== WHAT THIS TASK INVOLVES ==
Copy nothing but the text: reproduce each line of the listing exactly and leave the pictures out.

== DATASET ENTRIES ==
______

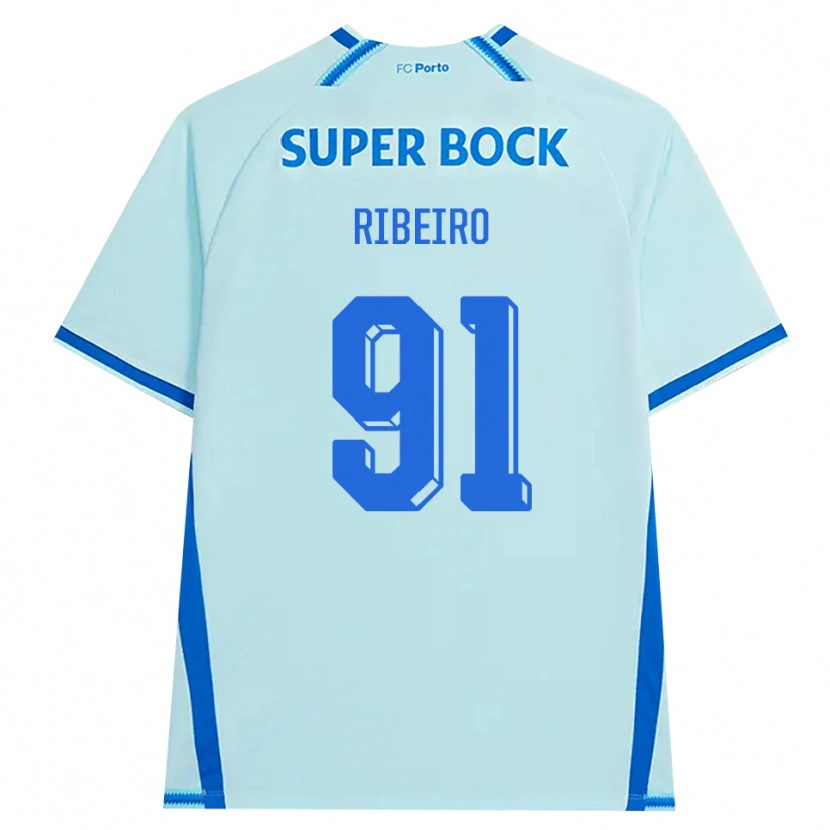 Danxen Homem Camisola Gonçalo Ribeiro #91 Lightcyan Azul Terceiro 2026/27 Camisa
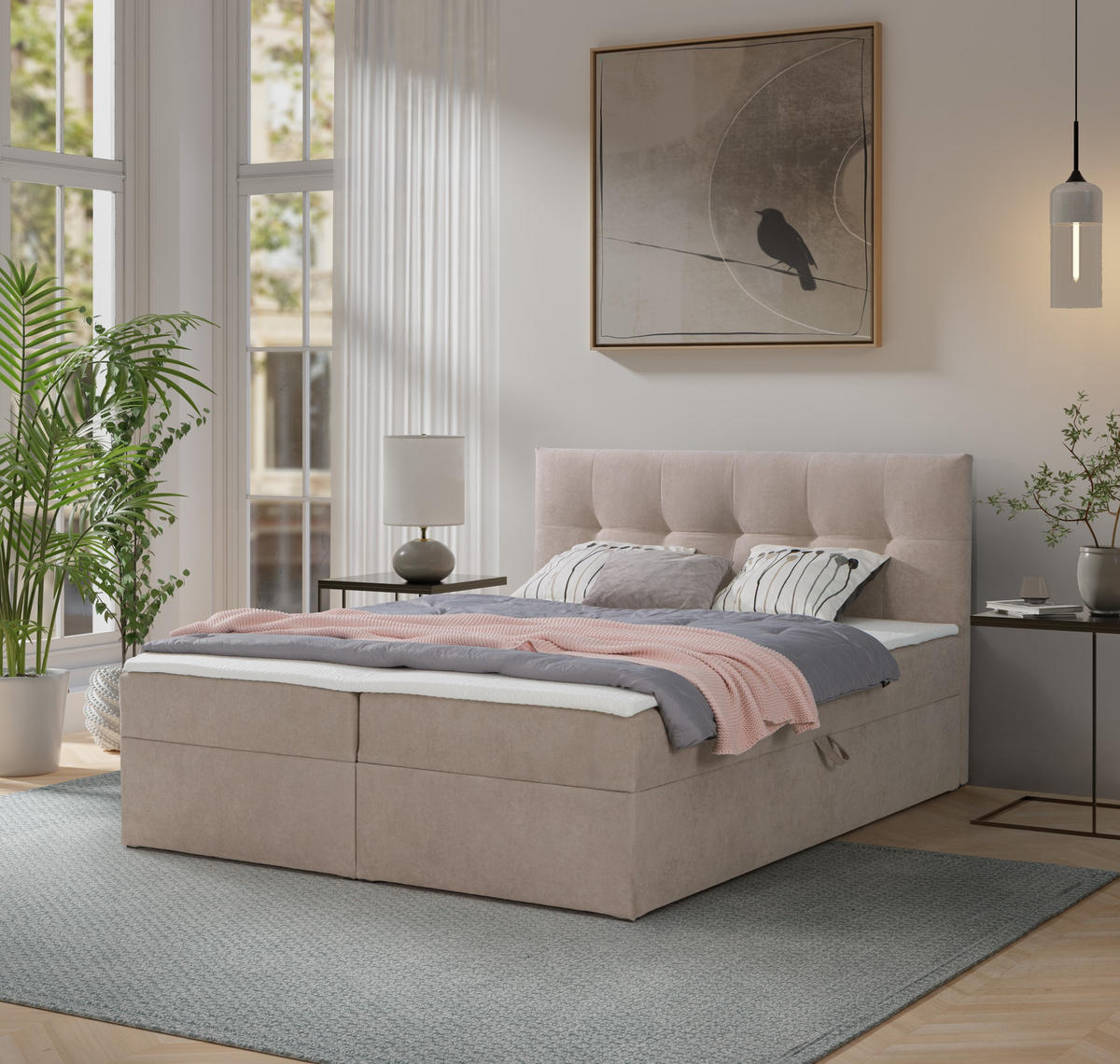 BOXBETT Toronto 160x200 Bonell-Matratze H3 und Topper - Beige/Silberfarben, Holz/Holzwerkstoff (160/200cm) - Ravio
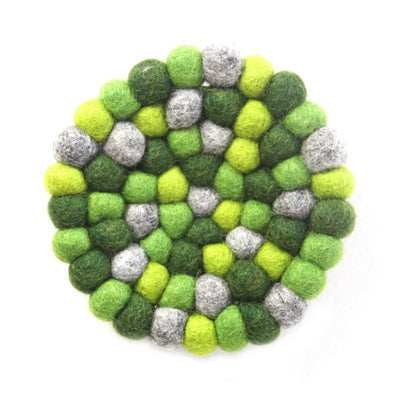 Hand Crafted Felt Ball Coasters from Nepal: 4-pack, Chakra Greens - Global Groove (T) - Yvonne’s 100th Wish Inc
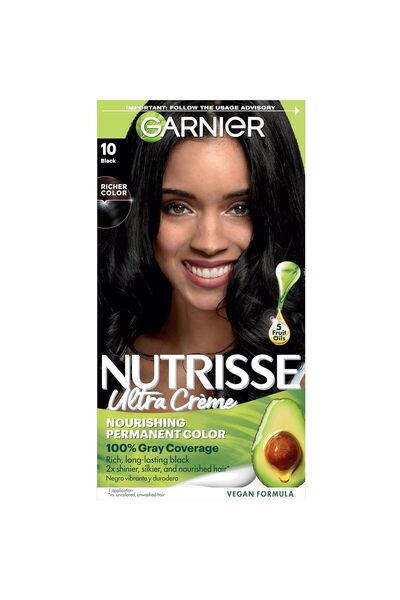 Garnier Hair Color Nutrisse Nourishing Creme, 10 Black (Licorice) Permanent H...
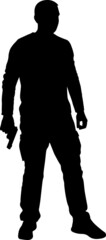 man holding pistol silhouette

______

== TASK OUTPUT ==
 Danxen Homem Camisola Gonçalo Ribeiro #91 Lightcyan Azul Terceiro 2026/27 Camisa
 BOXBETT Toronto 160x200 Bonell-Matratze H3 und Topper - Beige/Silberfarben, Holz/Holzwerkstoff (160/200cm) - Ravio
 Hand Crafted Felt Ball Coasters from Nepal: 4-pack, Chakra Greens - Global Groove (T) - Yvonne’s 100th Wish Inc
 Garnier Hair Color Nutrisse Nourishing Creme, 10 Black (Licorice) Permanent H...
 man holding pistol silhouette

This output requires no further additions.